Because of the use of the conversion of kinetic energy into the potential energy of the water in order to assist with filtering, the vertical profile of the device can be reduced. As such, it is to be noted from Figure 5 of the accompanying drawings that the first outlet 3 is displaced by the distance shown as 7 in that Figure. This distance is only half the diameter of the inlet 2. The second outlet 5 is only one inlet diameter below the inlet.

Thus, the vertical profile of the filter is low.

Claims

CLAIMS1. A filter apparatus comprising a housing having an inlet for liquid and an outlet for liquid, the inlet and the outlet being horizontally spaced from one another, and a filter element supported by the housing so that the horizontal extent of the filter outlet is from the inlet to the outlet, so as to filter liquid passing from the inlet to the outlet, in which the filter element is positioned such that, when flowing liquid is introduced to the inlet, the kinetic energy of the liquid forces the liquid to flow upwards over the filter element before passing through the filter element to the outlet.

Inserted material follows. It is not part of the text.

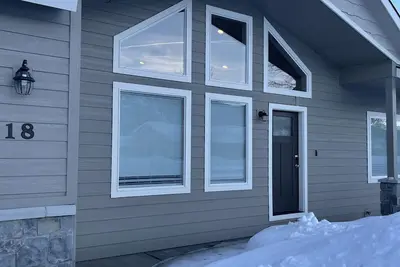 Image de Modern, Cozy Cabin near Tamarack & Cascade Lake With Private Hot Tub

2. The filter apparatus of claim 1, in which more of the filter is used to filter liquid at higher liquid flow rates than at lower flow rates.

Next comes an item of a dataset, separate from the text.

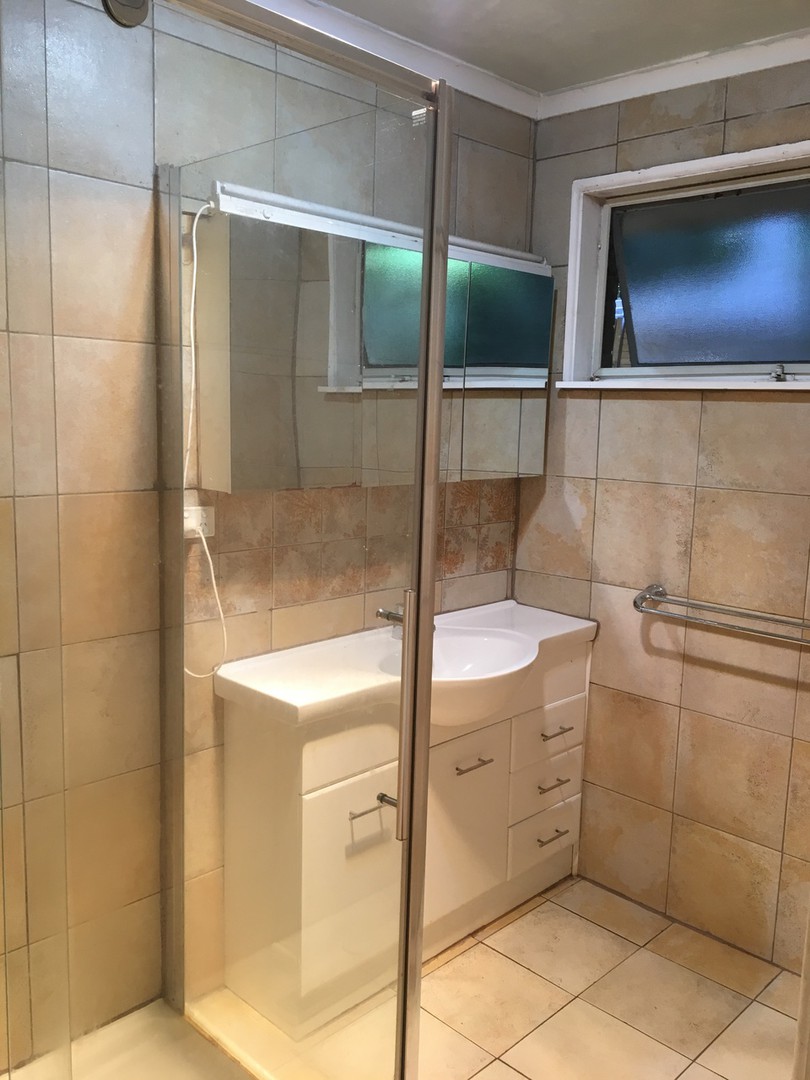33 Roberts StreetGlen Waverley, VIC 3150, Glen Waverley - Thumbnail 6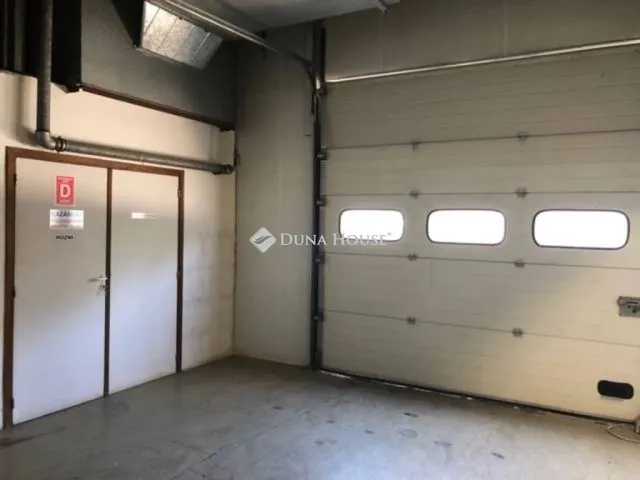 Eladó kereskedelmi és ipari ingatlan Szekszárd 14337 nm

3. The filter apparatus of claim 1 or claim 2, for use in filtering water, typically rainwater.
4. The filter apparatus of any preceding claim, in which, with the filter apparatus in a use orientation, the filter element is orientated such that it extends upwards as it extends in a longitudinal directional horizontally away from the inlet to the outlet.

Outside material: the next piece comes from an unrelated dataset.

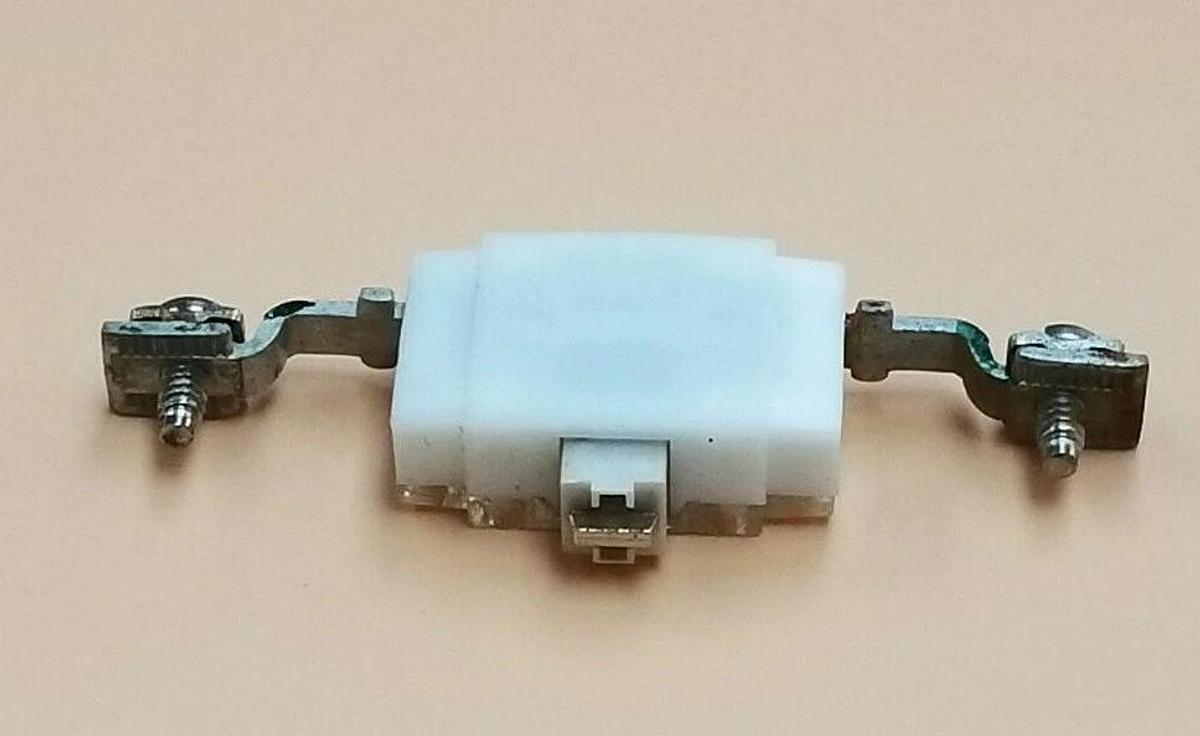 Used BOX OF 12 NEW CUTLER HAMMER D26MPR TYPE M RELAYS POLE REAR POLE N.O. CONV SER A3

5. The filter apparatus of any preceding claim, in which the filter element is shaped so as to descend when moving laterally towards at least one lateral edge of the filter element in the use orientation.
6. The filter apparatus of claim 5, in which the filter assembly is arranged so that whilst filtered liquid passes through the filter element in use, unfiltered liquid can leave the filter assembly over the or each lateral edge.
7. The filter apparatus of any preceding claim, in which the filter element, in the use orientation, has a generally ascending cross section taken along a longitudinal direction from inlet to outlet, but an at least partially descending, typically arch-shaped cross section taken across a lateral direction.
8. The filter apparatus of any preceding claim, in which the inlet has a diameter, and the outlet is positioned not more than one inlet diameter lower than the inlet, or typically not more than half an inlet diameter below the outlet.
9. A method of filtering a liquid, comprising introducing the liquid at the inlet of the filter apparatus of the first aspect of the invention so as to flow therethrough, in which the filter apparatus is positioned such that the liquid flows upwards over the filter element as it flows from the inlet to the outlet.
10. The method of claim 9, in which the filter apparatus is in the use orientation.
11. A filter apparatus of the kind set forth substantially as described herein with reference to and as illustrated in the accompanying drawings.